[Captioned web image data]
"""

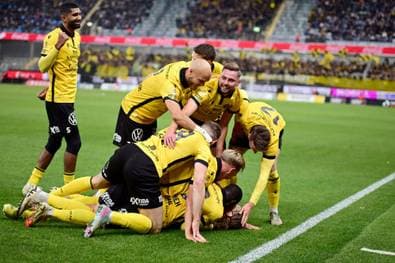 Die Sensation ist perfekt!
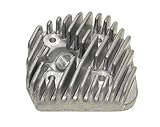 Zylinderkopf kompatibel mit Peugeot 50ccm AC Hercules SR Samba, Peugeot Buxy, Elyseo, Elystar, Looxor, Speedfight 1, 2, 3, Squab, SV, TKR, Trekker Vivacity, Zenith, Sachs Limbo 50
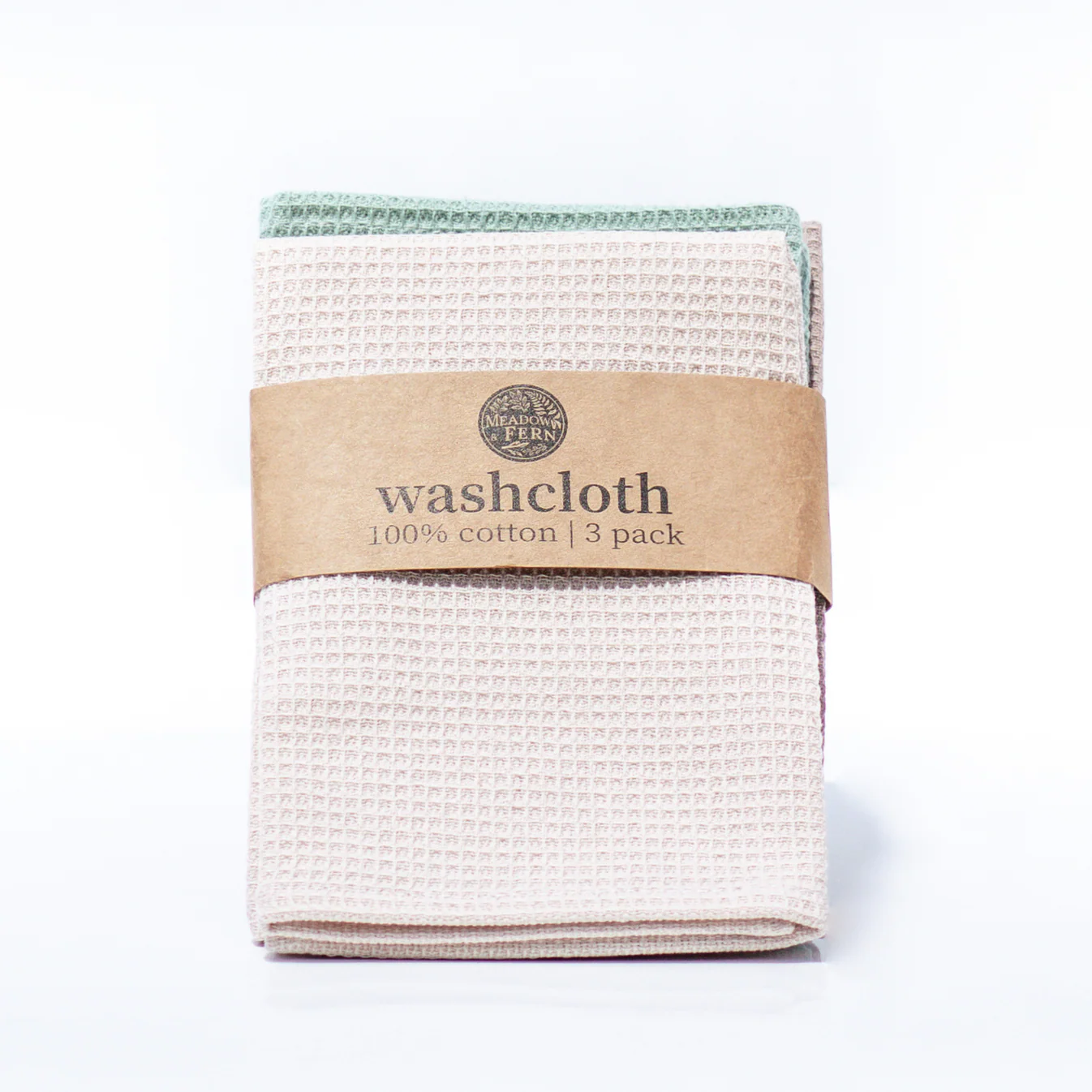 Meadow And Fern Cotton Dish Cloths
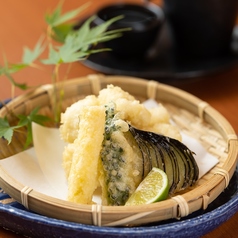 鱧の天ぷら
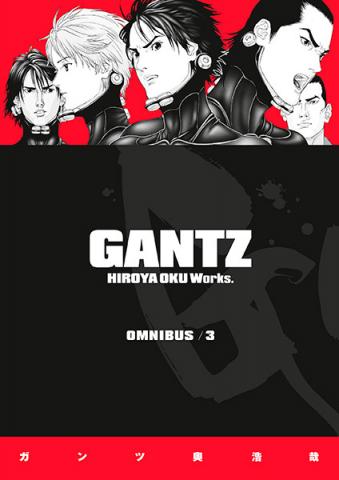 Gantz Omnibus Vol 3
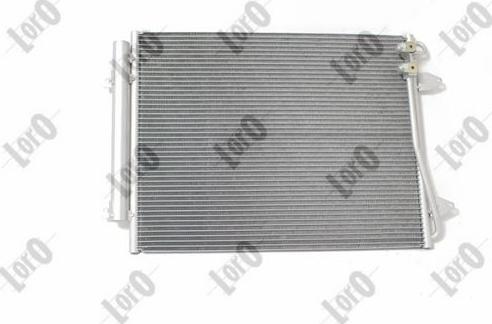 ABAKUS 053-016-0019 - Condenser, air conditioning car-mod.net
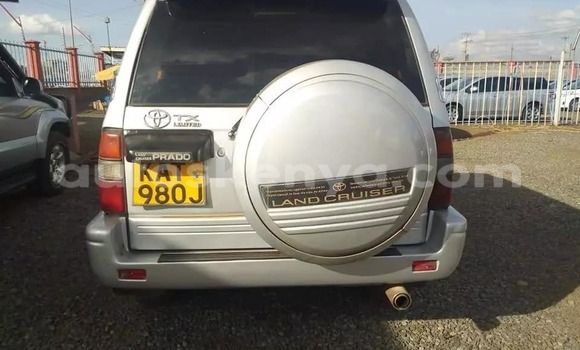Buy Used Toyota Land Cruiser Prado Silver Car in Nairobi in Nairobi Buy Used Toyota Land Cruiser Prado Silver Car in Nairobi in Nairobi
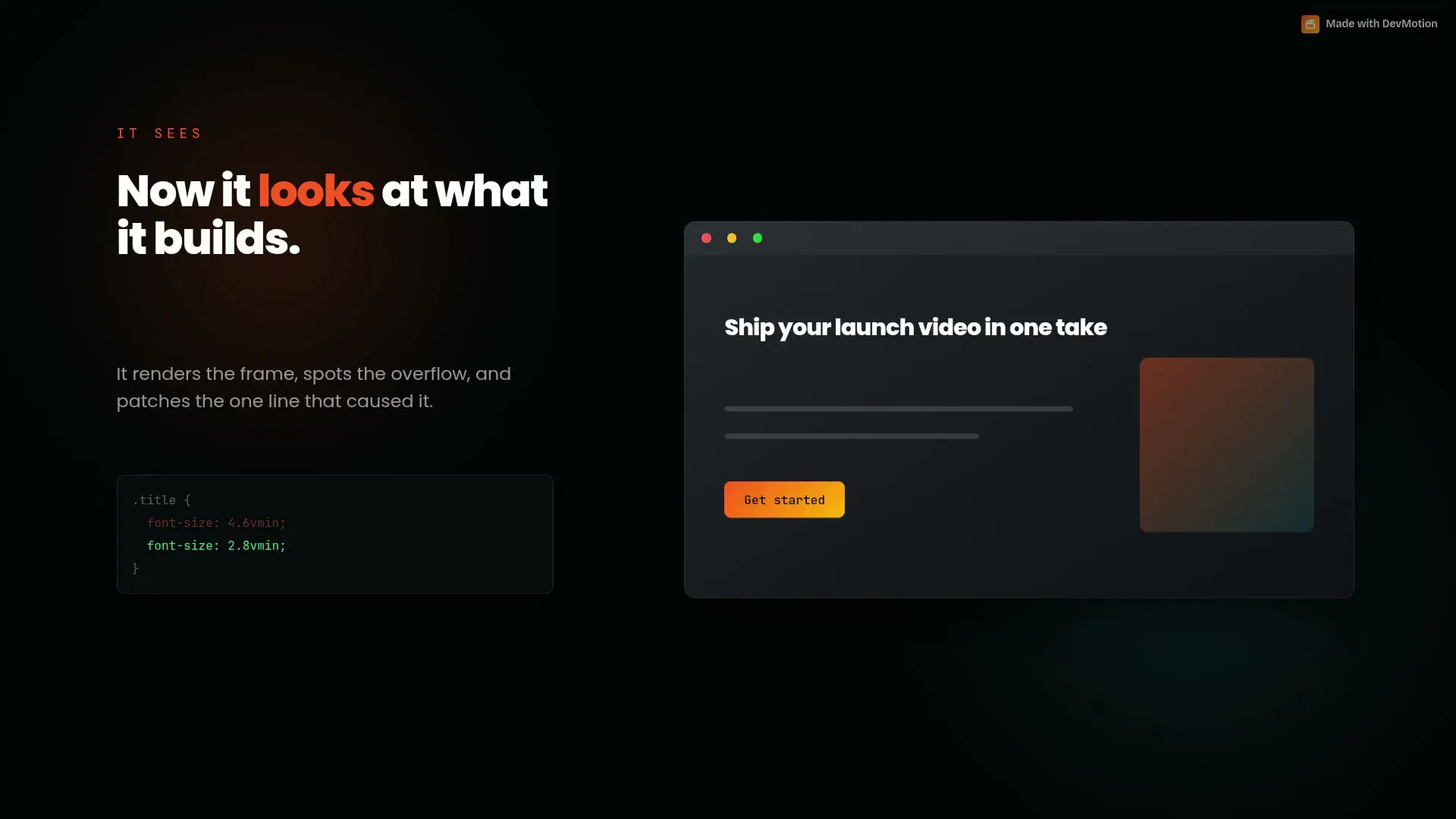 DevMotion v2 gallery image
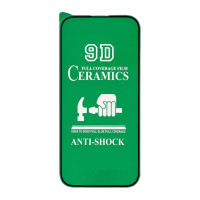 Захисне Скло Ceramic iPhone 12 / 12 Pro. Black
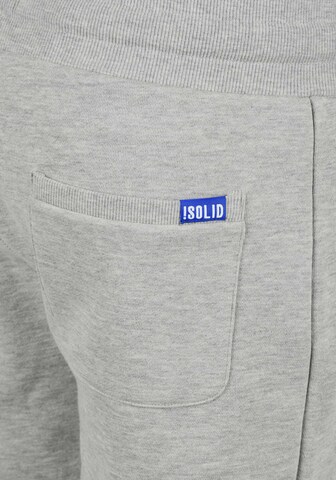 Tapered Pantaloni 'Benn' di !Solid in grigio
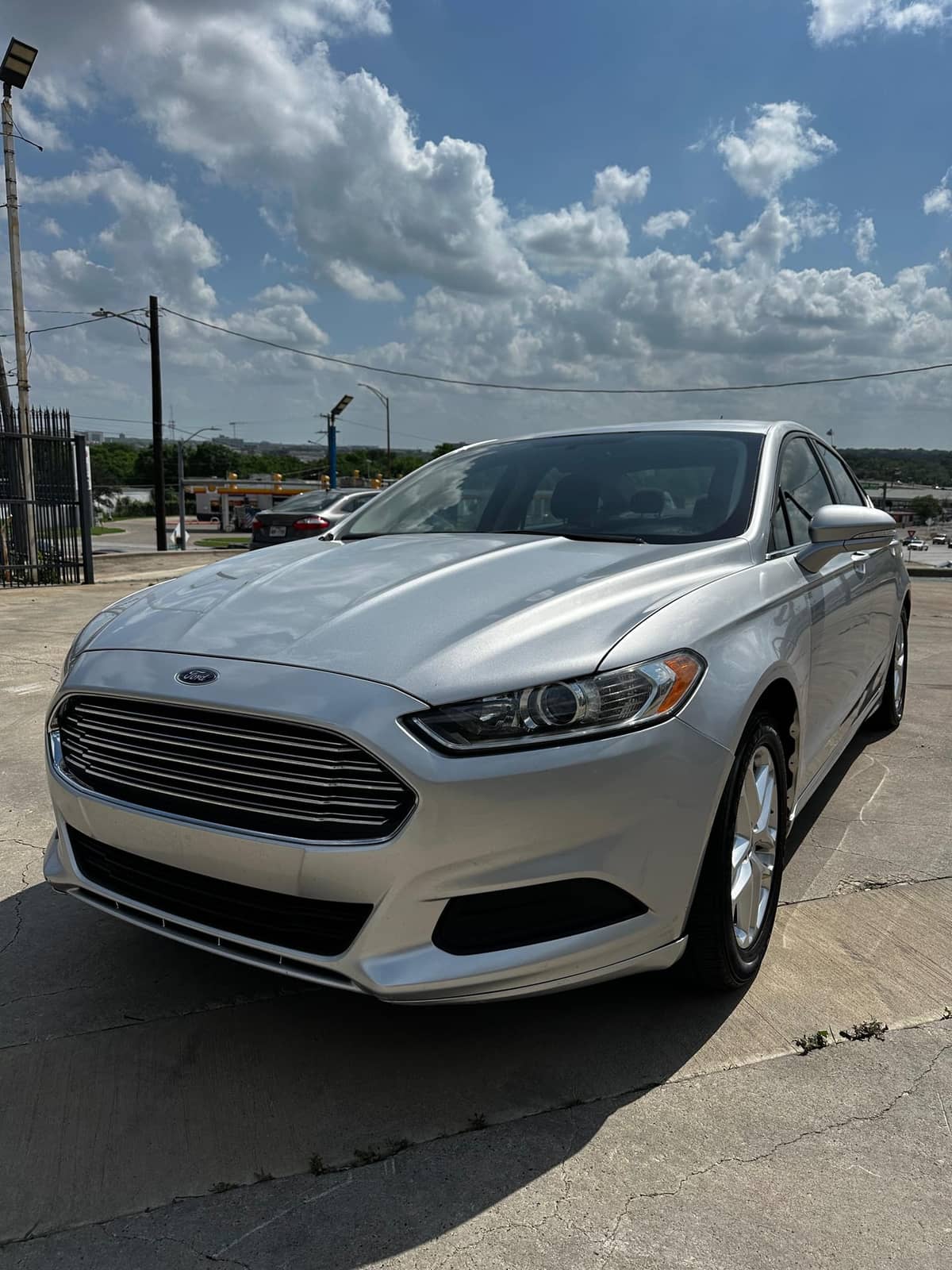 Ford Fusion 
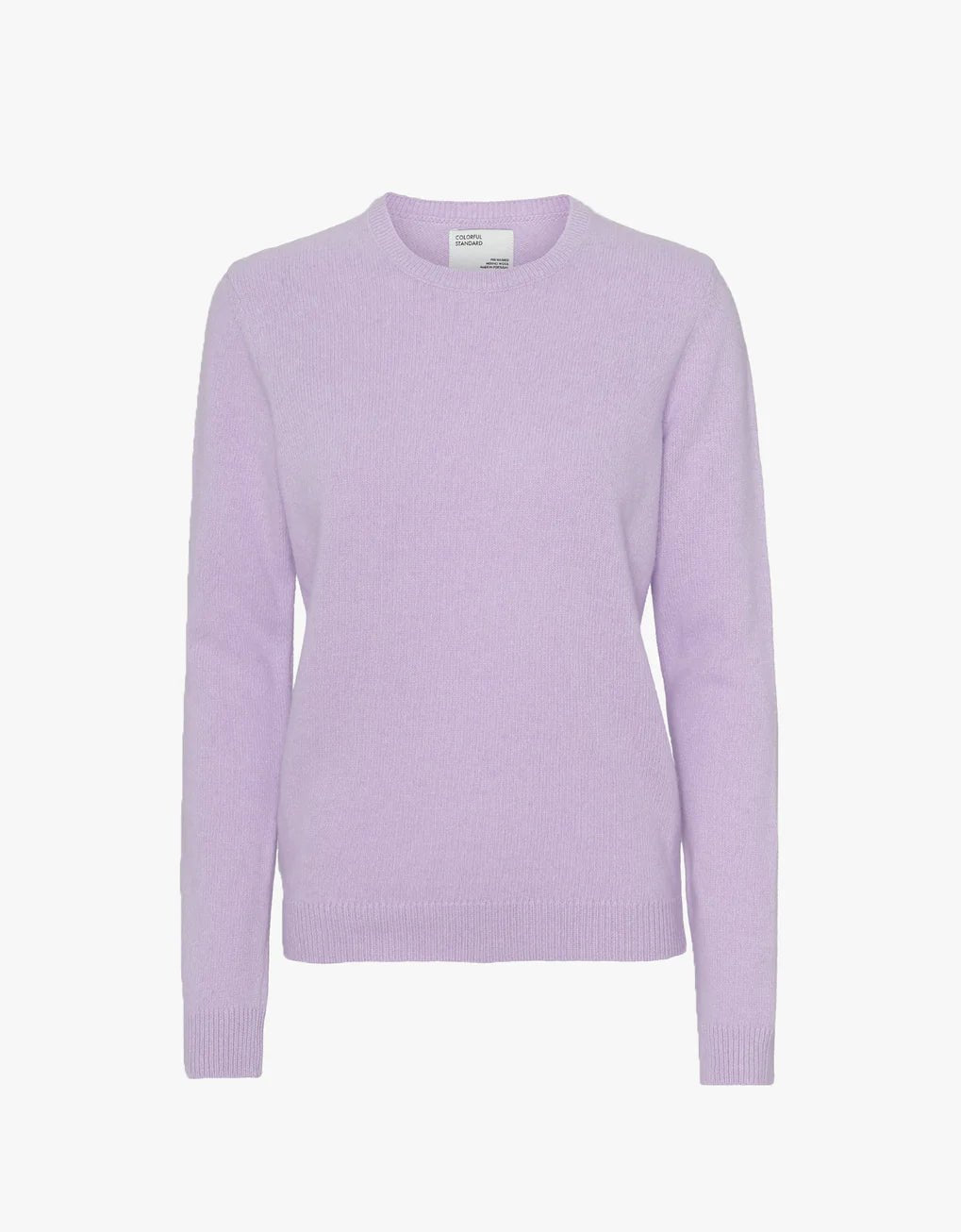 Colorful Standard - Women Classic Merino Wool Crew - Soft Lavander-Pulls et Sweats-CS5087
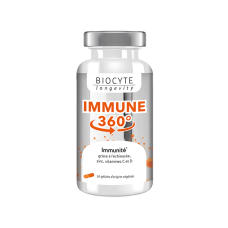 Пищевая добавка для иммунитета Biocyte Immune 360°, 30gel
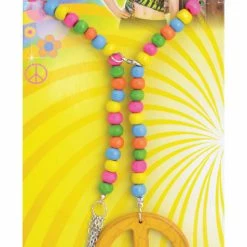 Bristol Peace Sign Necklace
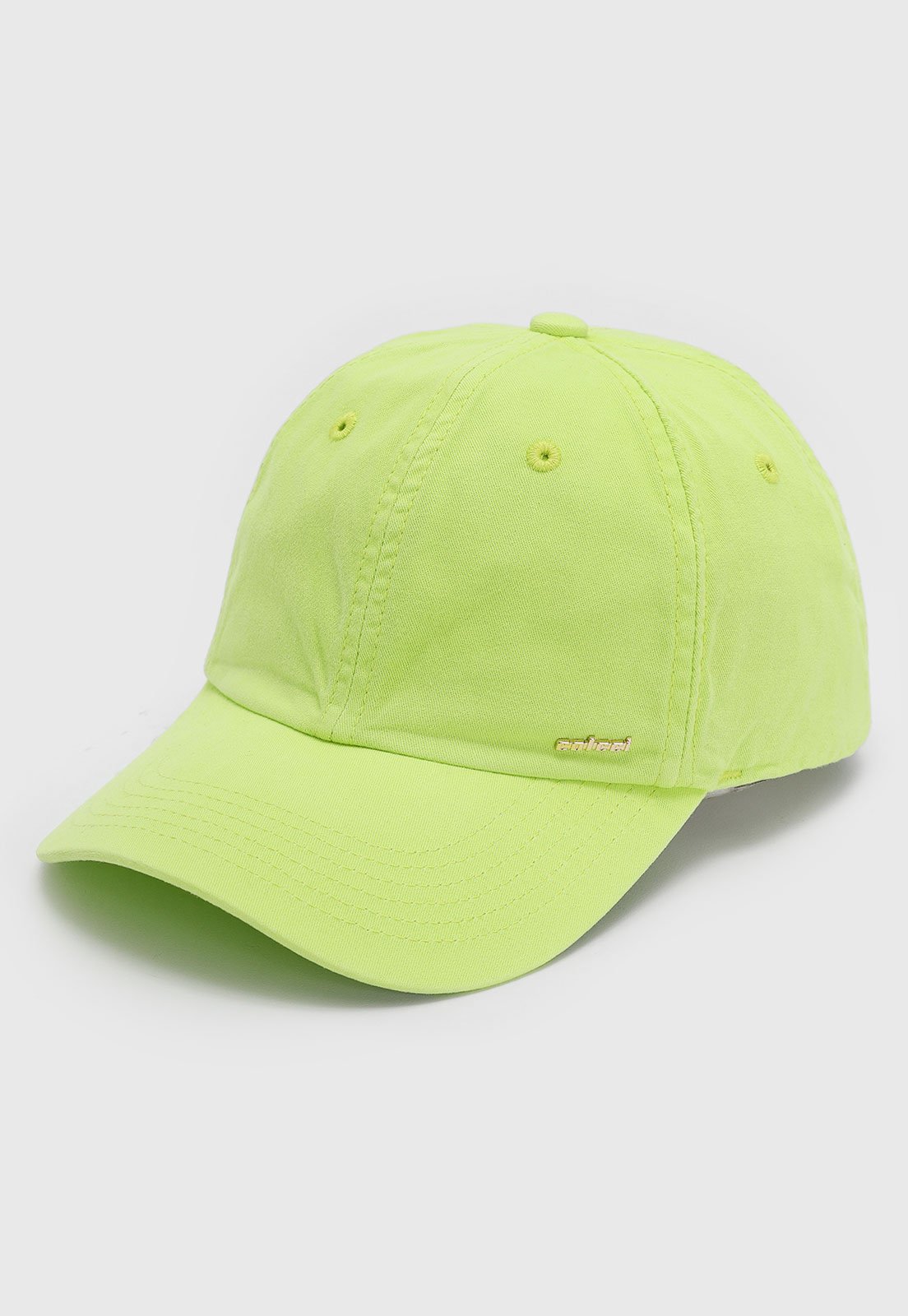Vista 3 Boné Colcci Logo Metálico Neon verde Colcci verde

"""

Copy exactly the lines from the one containing "Colorful Standard - Women" to the end of the records, both included, and leave the pictures out.

 Colorful Standard - Women Classic Merino Wool Crew - Soft Lavander-Pulls et Sweats-CS5087
 Пищевая добавка для иммунитета Biocyte Immune 360°, 30gel
 Bristol Peace Sign Necklace
Vista 3 Boné Colcci Logo Metálico Neon verde Colcci verde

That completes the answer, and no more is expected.